If you stumble upon a problem that cries for a trie or a splay tree and you don't know they exist, you'll have a very difficult time solving the problem with adequate performance.
If you are lucky and dedicated and talented you might end up with something similar, but it'll take you a lot longer than one who already knew they were there and how and why to use them. Likewise, if you have been trained in developing algorithms, you know what are the important things and which aren't, and have a toolkit to select ideas from.
More than studying, learning a good book on data structures. That, and the intractable quality about learning to design systems and how invariants are involved in the design jerf talked about up there.
> I can't talk for the parent, but one significant way I expect people with formal training and people without it to differ is in how the knowledge of data structures and algorithms affects their work.

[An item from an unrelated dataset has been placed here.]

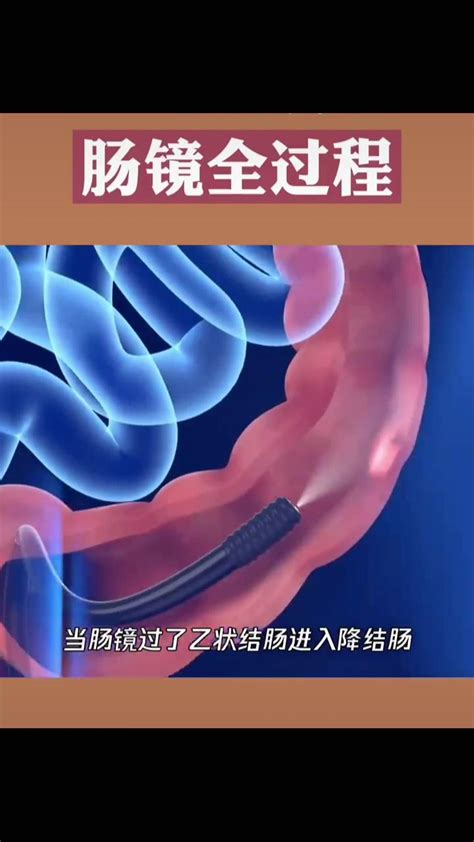 为什么体检最好把胃镜肠镜一起做？_潍坊市市立医院(官方网站)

And how often in your experience you stumble upon these kind of problems? In my experience, the clever parts are about 5% to 20%. Of course, there can be projects where the clever parts outnumber the non-clever parts, but we are talking about norms, and as you said, exceptions don't prove rules.

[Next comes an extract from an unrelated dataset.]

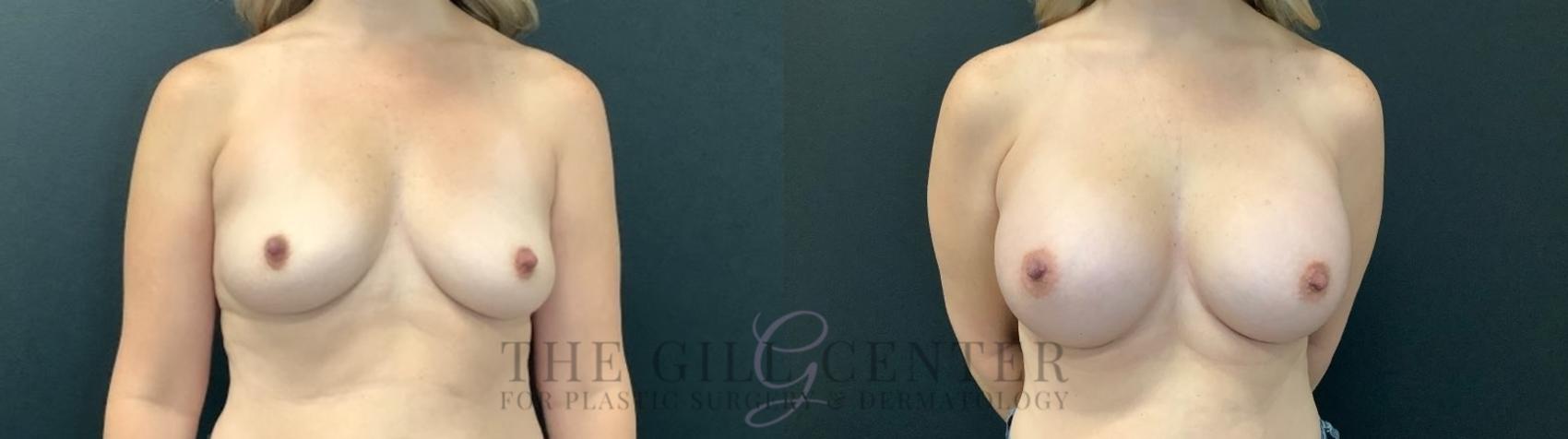 Breast Augmentation Case 482 Before & After Front | The Woodlands, TX | The Gill Center for Plastic Surgery and Dermatology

The question posed was "how do they differ?" not "how important is that difference?". If you ask me the latter, I'd say that for many domains it's not that important (see the caveat below.) On the other hand, for Google and Facebook and similar companies it's certainly very important, which is why all their interviews are mainly about how well you can reason about algorithms and data structures.
Caveat: These problems might not happen often in less data intensive domains but, when they do happen, they are certainly very important in my experience.

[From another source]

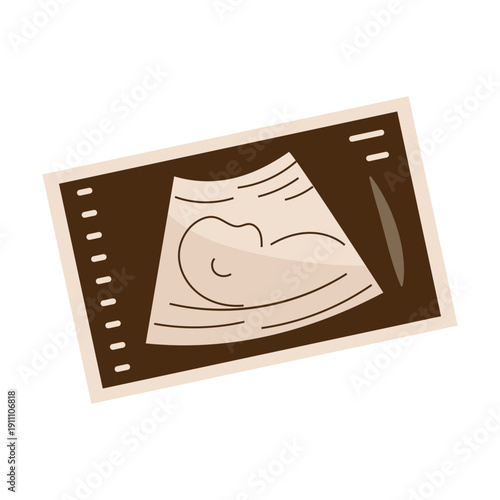 Ultrasound photo pregnancy concept illustration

> The question posed was "how do they differ?" not "how important is that difference?"
And the question arose from the claim that the formally taught and self-taught programmers take different approaches in general. It goes without saying that a problem that can be solved effectively using a trie will be approached in 2 different ways by someone who knows tries and someone who does not. The claim made in the OP was broad, and I am saying about 80% of the time, an auto-didact and a CS person will solve it the same way. Claiming that because sometimes a CS person can use insights which the non-cs guy doesn't have doesn't equate to different approaches.
The fact that 80% of the time the approach is not important to get the desired result because the task only operates over small n or similar does not mean that the approaches are equal.
It might not be needed, but it's about the approach. You don't need all the tools all the time, but knowing what patterns are available and having a good understanding of why you would or wouldn't use it means you approach a problem starting from a different place.
It's possible to get the same end result most of the time (especially if the end result doesn't require the "clever" solution), but I would also agree that there definitely is a difference in approach that is discernable by watching someone work.
If you stumble upon a problem that cries for a trie or a splay tree and you don't know they exist, you'll have a very difficult time solving the problem with adequate performance.
If you are lucky and dedicated and talented you might end up with something similar, but it'll take you a lot longer than one who already knew they were there and how and why to use them. Likewise, if you have been trained in developing algorithms, you know what are the important things and which aren't, and have a toolkit to select ideas from.
Of course, outliers do not invalidate the thesis.